(CNSNews.com) - Fresh from Tuesday's double victories in Michigan and his home state of Arizona, Senator John McCain is appealing to traditional Republicans to join his campaign.
Addressing a victory rally in Phoenix Tuesday night, McCain spoke directly to the party faithful, whose votes he continues losing to rival George W. Bush. "Some want to fool you about me. I am a proud Reagan conservative," McCain said. "I love the Republican Party. It is my home."
With most precincts reporting by Wednesday morning, McCain won the Michigan primary by 7 points - taking 50 percent of the vote to Bush's 43 percent. Republican Alan Keyes was a distant third at 5 percent.
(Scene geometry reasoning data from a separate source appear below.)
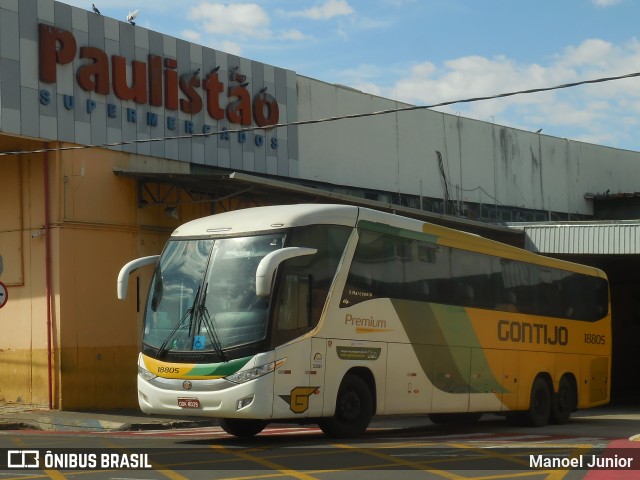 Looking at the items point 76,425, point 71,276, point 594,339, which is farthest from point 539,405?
point 71,276

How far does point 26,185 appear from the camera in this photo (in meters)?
23.8

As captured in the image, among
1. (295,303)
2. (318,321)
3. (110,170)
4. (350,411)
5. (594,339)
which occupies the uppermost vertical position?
(110,170)

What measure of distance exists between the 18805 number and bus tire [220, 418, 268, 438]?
9.98m

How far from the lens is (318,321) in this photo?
597 inches

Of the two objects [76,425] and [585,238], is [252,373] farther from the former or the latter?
[585,238]

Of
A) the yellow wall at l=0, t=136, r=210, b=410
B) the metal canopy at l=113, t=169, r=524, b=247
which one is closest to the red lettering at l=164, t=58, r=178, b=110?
the yellow wall at l=0, t=136, r=210, b=410

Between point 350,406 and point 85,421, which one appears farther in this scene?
point 85,421

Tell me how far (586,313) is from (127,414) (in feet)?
33.7

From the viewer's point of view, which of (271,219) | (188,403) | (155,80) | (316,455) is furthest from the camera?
(155,80)

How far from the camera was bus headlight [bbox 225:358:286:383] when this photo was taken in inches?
563

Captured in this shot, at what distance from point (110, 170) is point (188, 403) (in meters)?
10.7

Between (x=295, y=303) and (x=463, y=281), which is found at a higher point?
(x=463, y=281)

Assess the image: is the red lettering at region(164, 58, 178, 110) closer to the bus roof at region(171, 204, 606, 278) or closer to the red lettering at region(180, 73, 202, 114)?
the red lettering at region(180, 73, 202, 114)

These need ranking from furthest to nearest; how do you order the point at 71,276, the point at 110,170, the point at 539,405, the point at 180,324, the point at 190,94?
the point at 190,94, the point at 110,170, the point at 71,276, the point at 539,405, the point at 180,324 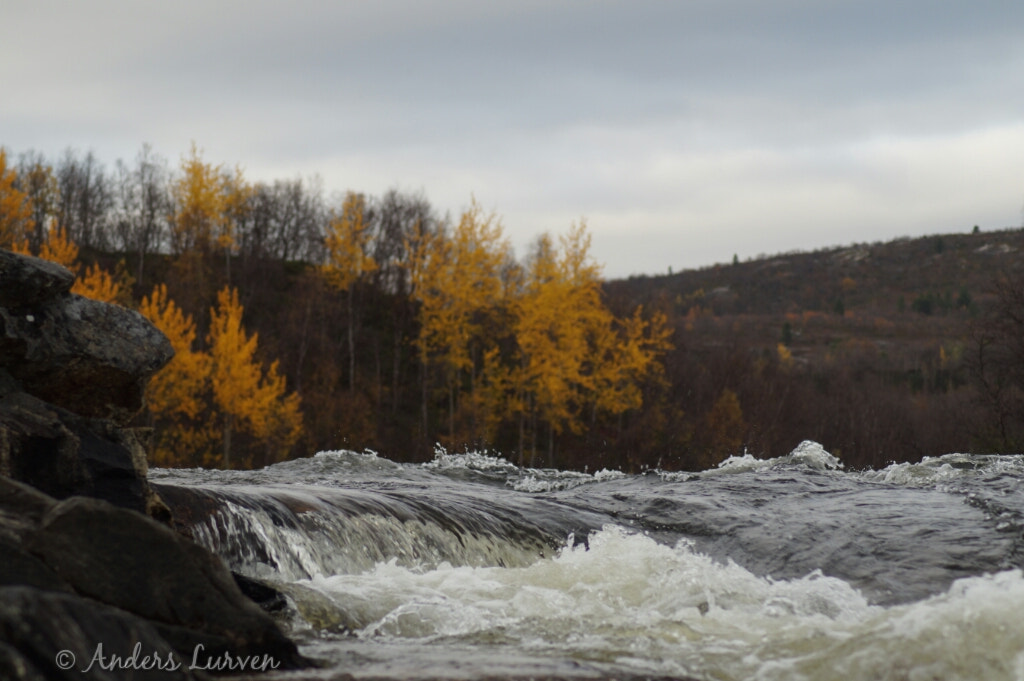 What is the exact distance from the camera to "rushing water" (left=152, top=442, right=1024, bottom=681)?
524 centimetres

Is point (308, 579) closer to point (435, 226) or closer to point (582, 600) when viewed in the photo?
point (582, 600)

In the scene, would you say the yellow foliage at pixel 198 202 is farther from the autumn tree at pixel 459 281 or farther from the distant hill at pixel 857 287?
the distant hill at pixel 857 287

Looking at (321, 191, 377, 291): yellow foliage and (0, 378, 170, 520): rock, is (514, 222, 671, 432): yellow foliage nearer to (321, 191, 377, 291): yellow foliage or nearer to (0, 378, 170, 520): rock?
(321, 191, 377, 291): yellow foliage

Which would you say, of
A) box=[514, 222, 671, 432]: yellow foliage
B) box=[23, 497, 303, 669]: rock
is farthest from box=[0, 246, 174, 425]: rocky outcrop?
box=[514, 222, 671, 432]: yellow foliage

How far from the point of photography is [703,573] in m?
7.70

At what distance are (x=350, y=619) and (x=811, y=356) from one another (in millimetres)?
116502

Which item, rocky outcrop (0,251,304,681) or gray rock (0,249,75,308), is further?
gray rock (0,249,75,308)

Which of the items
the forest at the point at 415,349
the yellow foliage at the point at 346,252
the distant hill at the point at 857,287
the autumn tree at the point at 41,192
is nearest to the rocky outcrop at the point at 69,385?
the forest at the point at 415,349

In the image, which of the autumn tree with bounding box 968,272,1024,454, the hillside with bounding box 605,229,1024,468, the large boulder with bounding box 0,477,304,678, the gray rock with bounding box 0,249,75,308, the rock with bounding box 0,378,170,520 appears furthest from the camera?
the hillside with bounding box 605,229,1024,468

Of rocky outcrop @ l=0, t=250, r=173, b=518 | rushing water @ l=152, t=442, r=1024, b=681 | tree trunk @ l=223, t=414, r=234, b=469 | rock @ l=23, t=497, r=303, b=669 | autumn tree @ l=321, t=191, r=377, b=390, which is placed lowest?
tree trunk @ l=223, t=414, r=234, b=469

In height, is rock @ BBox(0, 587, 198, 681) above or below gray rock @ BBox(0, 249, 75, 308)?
below

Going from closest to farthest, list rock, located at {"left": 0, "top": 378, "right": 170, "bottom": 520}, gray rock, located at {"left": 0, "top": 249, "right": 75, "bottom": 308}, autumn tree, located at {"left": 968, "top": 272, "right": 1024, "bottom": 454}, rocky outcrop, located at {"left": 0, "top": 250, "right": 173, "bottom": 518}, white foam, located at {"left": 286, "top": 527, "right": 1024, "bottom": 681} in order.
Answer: white foam, located at {"left": 286, "top": 527, "right": 1024, "bottom": 681}, rock, located at {"left": 0, "top": 378, "right": 170, "bottom": 520}, rocky outcrop, located at {"left": 0, "top": 250, "right": 173, "bottom": 518}, gray rock, located at {"left": 0, "top": 249, "right": 75, "bottom": 308}, autumn tree, located at {"left": 968, "top": 272, "right": 1024, "bottom": 454}

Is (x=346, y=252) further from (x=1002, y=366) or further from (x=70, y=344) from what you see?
(x=70, y=344)
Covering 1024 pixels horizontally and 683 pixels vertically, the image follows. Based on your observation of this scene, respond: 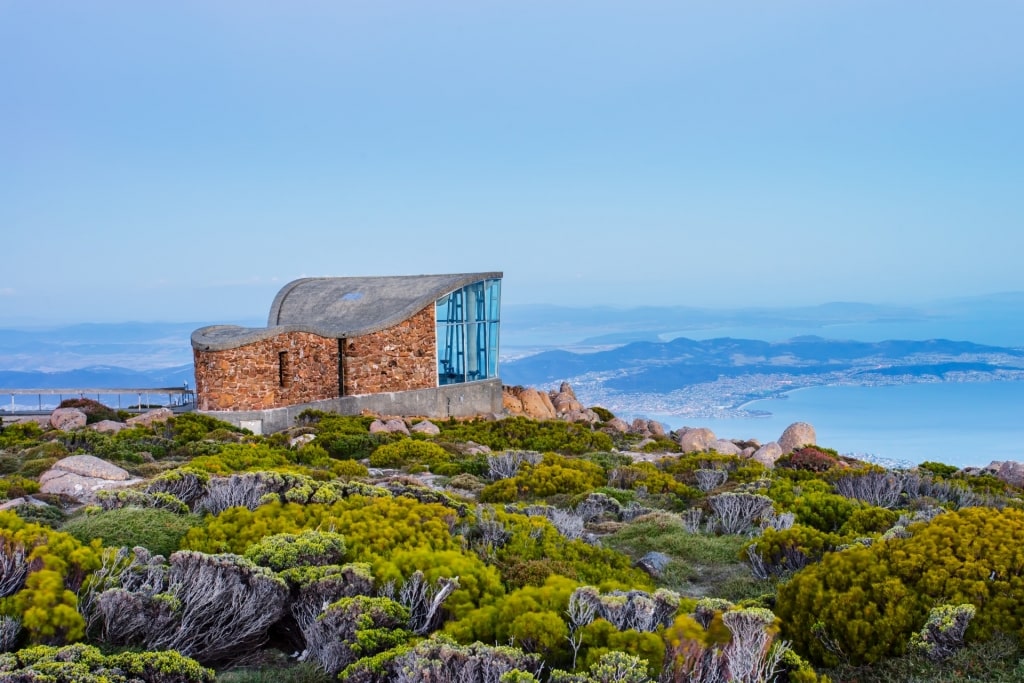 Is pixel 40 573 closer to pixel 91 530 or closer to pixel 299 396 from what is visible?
pixel 91 530

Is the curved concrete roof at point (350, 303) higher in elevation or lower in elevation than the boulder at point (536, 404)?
higher

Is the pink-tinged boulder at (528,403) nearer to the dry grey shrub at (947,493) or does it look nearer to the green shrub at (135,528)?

In Arizona, McCain's home state, the Senator's margin of victory was even bigger: McCain won that primary with 60 percent of the vote, while Bush took 36 percent and Keyes took 3 percent.
In Phoenix Tuesday night, a jubilant McCain made an attempt to appeal to conservatives by mentioning several traditional Republican themes, including rebuilding the military, protecting the unborn, and tax cuts: "Don't fear this campaign, my fellow Republicans. Join it. Join it. This is where you belong...We are creating a new majority -- a McCain majority and we are Al Gore's worst nightmare."
"We are patriots on a noble mission, to make this century America's best century and we are going to win," he said to sustained applause and cheers from the hometown audience. "As I look more electable, we'll start drawing more Republicans," he promised.
McCain's need to attract the party's traditional base was never more evident than it was in Michigan, where exit polls showed those who identified themselves as "very conservative" went for Texas Gov. George W. Bush by a margin of 76 percent to 15 percent, while those who described themselves as "some what conservative" supported Bush 55 percent to 35 percent for McCain.
When voters were asked to describe their party affiliation, 49 percent said they were Republican; 33 percent called themselves Independents and 18 percent said they were Democrats.
Those who identified themselves as Republicans supported Bush by a margin of 67 to 25 percent, while those who said they were Independents went for McCain 64 to 31 percent. Self-described Democrats supported McCain 82 percent to 13 percent.
Voters who described themselves as members of the religious right went for Bush by a margin of 67 to 24 percent.
Among union voters, McCain defeated Bush by a margin of 59 to 35 percent.
Asked to name the candidate they considered the "straight talker," 37 percent said McCain; 29 percent named Bush; 12 percent said both, and a like number said neither. When asked which candidate was the "real reformer," 22 percent named McCain; 16 percent Bush; 26 percent said both and 22 percent said neither.
Among veterans, McCain won by a margin of 53 to 39 percent and among those who said they made up their minds at the last minute, McCain won 64 to 33 percent.
Asked who stands the best chance of winning the November general election, 47 percent named Bush, while 41 percent named McCain.
The Michigan results were all the more remarkable, given the fact that four months ago Bush led McCain by a margin of 72-9 percent.
One McCain supporter in Michigan described his man's win as a "triumph over money and muscle," while other McCain supporters insisted the Michigan win showed their man's ability to build a winning coalition in November, including Independents and Democrats.
But Bush supporters warned Republicans that they face the danger of having the party hijacked by Democrats and Independents.
Sounding a similar theme, Michigan Gov. John Engler, who managed the Bush effort in his state, said he may have underestimated the number of Independents and Democrats who planned to turn out.
Engler also minimized the outcome of the popular vote, noting that in the important delegate count, "George Bush has a nice big win," taking an estimated 36 of the state's 58 delegates to this summer's national convention in Philadelphia. (The Michigan primary was not a winner-take-all contest.)
Engler accused McCain of "renting Democrats for a day," and added, "It will hurt him in states where only Republicans can vote."
"John McCain isn't party building. He's party borrowing," Engler insisted.
For his part, Bush characterized the contest as "a long race...I'm fighting all the way to the end." Then, working to place the best possible spin on what had to be a big time disappointment, Bush told reporters, "I won overwhelmingly among Republicans and like minded Independents."
Bush also attacked those who accused him of "anti-Catholic bigotry."
Bush conceded this much after learning that McCain had once again bested him in a primary race: "I want to congratulate my opponent for a race well run, but he's going to learn in the long run that it's Republicans and like-minded independents who are going to make the decision in the Republican primaries,'' Bush said.
The next major test for both candidates comes on February 29, when Virginia, North Dakota and Washington hold their GOP primaries.